If you know anything about food and the Caribbean or more specifically, St.Kitts, then you definitely know the name Seth Saheli. We had a sit down with this kittitian chef to talk holiday dishes and Caribbean cuisine. But if not, we will give you a quick introduction.

Seth Saheli or Chef Seth, as he is more widely known, is a personal chef and business owner based right in the heart of St. Kitts.  He didn’t start out in “culinary arts”, as he puts it, but it rather found him along the way. Maybe something written in the stars.

Early Career

In his early career, Chef Seth was in business management, yes, he loved food, but didn’t see it as a career. This interest in business, he actually credits to his father; Fatine Saheli, who was a Lebanese businessman from Australia, who migrated to St. Kitts in his adult life. Fatine had a small store on the island that served a lot of people.

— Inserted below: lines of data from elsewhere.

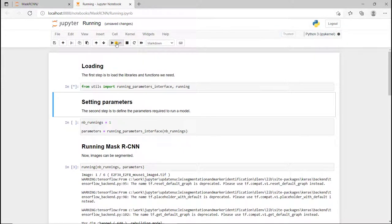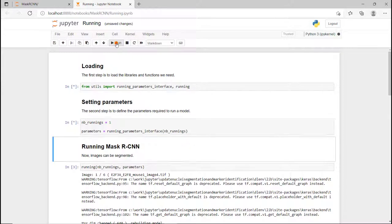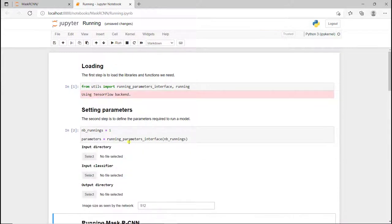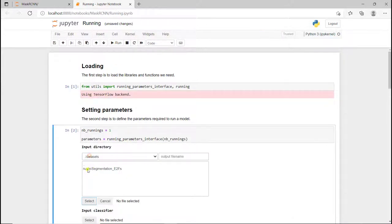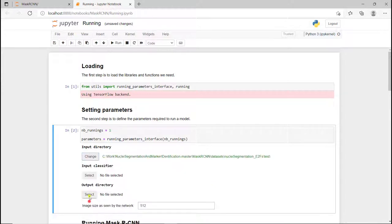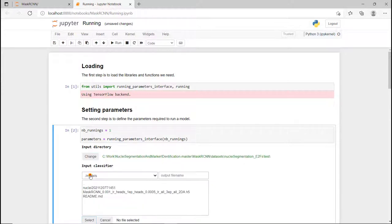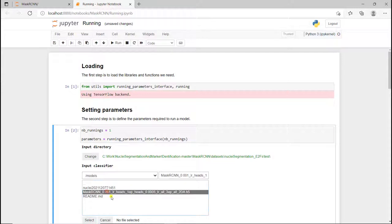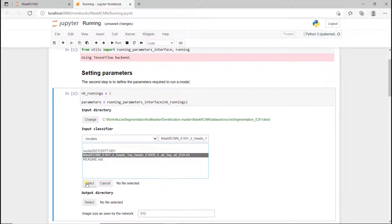Load everything we need. Define the parameters. Here it's going to be input directory, the images we want to process, the ones that are in test. Input model is going to be the one we just trained here.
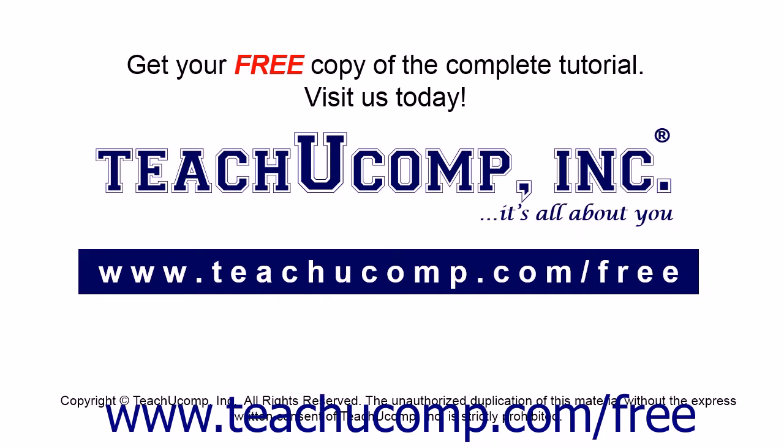Get your free copy of the complete tutorial at www.teachucomp.com forward slash free.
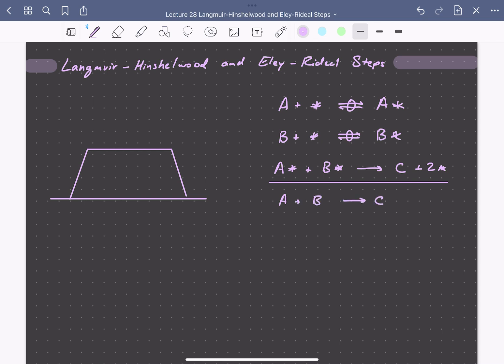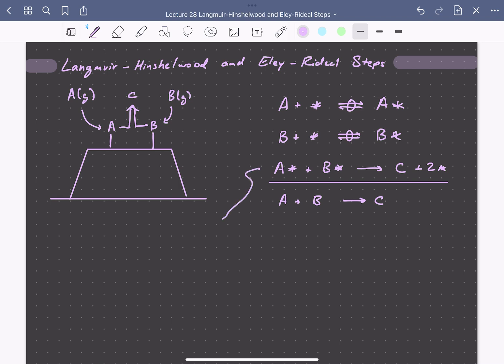Here's a cartoon of what this looks like. We have A adsorbing from the gas phase, forming a chemical bond with our surface to form adsorbed A. We have B also adsorbing onto the surface of the catalyst to form a bound species, and then these undergo a surface reaction to form C, which instantly desorbs from the catalytic surface and regenerates our active sites. We call the reaction of two adsorbed species on the surface of our catalyst a Langmuir-Hinshelwood step.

As I entered adulthood, although I was always cooking, I never saw it as a career. I was focused on Business Management and Marketing. I was always the manager of a business, that was my initial interest in a career, fueled too because of my father who was a sales man and business owner.

How passion turned into a business

While working as a marketing manager of a well-known publishing company, Chef Seth woke up with a bright idea, why not start a lunch delivery service. For him, it aligned; his family and friends were always complimenting him on his cook and he thought why not?

He used the knowledge and skills honed over the years as a marketing manager to turbo start his lunch business. And that is how Meaningful Mealz by Chef Seth Saheli was born.

And that is where it all began. I used my marketing and management skills to put the business in place and I created menus and built a client base.

The inspiration behind Meaningful Mealz

Chef Seth’s true inspiration and interest in food started in his family kitchen, when he was very young. He would sit and watch his mom, Wendy Saheli cook.

Wendy was a caterer and restaurant owner, where he also worked at times. She didn’t actually teach him anything step by step, but he picked the passion from her and decided to start cooking himself.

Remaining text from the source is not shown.